Kata unicorn gampang membuat orang tertipu. Propaganda keampuhan khasiat tanduk unicorn itu menciptakan "pasar" dan menarik minat pedagang yang curang. Mereka memburu narwhal, sejenis ikan paus bermoncong runcing yang hidup di Kanada dan Greenland. Moncong runcing narwhal mereka jual sebagai tanduk unicorn. Sampai abad pertengahan, tanduk unicorn yang sangat mahal itu menjadi buruan bangsawan dan kaum high-class. Padahal yang mereka beli hanyalah moncong runcing narwhal atau taring panjang walrus yang hidup di Arktika.
Kendati hanya hidup di alam khayalan, unicorn dipakai sebagai "binatang resmi" Skotlandia sejak 1300-an. Kenapa? Sebab, itu merupakan simbol perlawanan pada Inggris, yang memakai singa sebagai "binatang nasional" mereka. Orang Skotlandia percaya pada mitos bahwa unicorn-terkadang digambarkan berkaki kuda dan berekor singa-merupakan musuh abadi singa. Pada 1296, sejarah mencatat Kerajaan Inggris menyerbu Skotlandia. Perang terjadi dan baru berakhir dengan kemerdekaan Skotlandia pada 1328.
Riwayat unicorn memang penuh tipu-tipu dan berlumuran darah. Namun mengapa unicorn yang dipilih sebagai sebutan start-up (perusahaan rintisan bidang digital) yang memiliki nilai perusahaan (valuasi)
US$ 1 miliar?
Pertanyaan ini saya lempar pada teman-teman saya. Hampir semua tahu istilah ini, tapi banyak yang gagal menjawab tepat. Saya juga termasuk yang tidak tahu. Menurut Minda Zetlin, co-author The Geek Gap, istilah ini dipakai lantaran jarang ada start-up yang valuasinya menembus US$ 1 miliar dalam waktu relatif singkat. Capaian luar biasa itu seperti mitos, sama halnya dengan unicorn.

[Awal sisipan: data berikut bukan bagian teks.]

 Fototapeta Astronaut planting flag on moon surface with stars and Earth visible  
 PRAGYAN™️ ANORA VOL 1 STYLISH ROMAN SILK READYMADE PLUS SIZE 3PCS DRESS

Saya kira analogi ini kurang pas. Binatang unicorn tak pernah ada, hanya mitos belaka. Adapun start-up unicorn benar-benar ada. Namun buat apa terlalu serius kalau sang penemu istilah ternyata pakai ilmu coba-coba? Aileen Lee, yang mendirikan perusahaan investasi Cowboy Ventures, pada 2013 kesulitan menyebut start-up yang menembus valuasi
US$ 1 miliar kurang dari sepuluh tahun. Pada mulanya, Lee memakai istilah home run atau mega hit.
Dua istilah ini ternyata "tidak laku". Tak ada yang mau mengikuti Lee. Kedua istilah itu tidak menunjukkan betapa langka start-up yang mampu mencapai valuasi sekitar Rp 14 triliun-dalam nilai rupiah sekarang. Begitu Lee melempar kata unicorn dalam blog-nya, kata itu langsung populer. Unicorn mewakili kelangkaan start-up yang mencapai prestasi ajaib bagai mitos. Persentase start-up yang mampu bertahan hidup hanya 0,07 persen.
Jadi, ketika unicorn masuk ke panggung debat calon presiden, persoalannya bukan sekadar kenal atau tidak kenal dengan istilah itu. Yang terpenting bagi kelompok milenial dan pelaku bisnis digital, kebijakan siapa yang terbaik dan memberi angin segar pada dunia bisnis baru ini.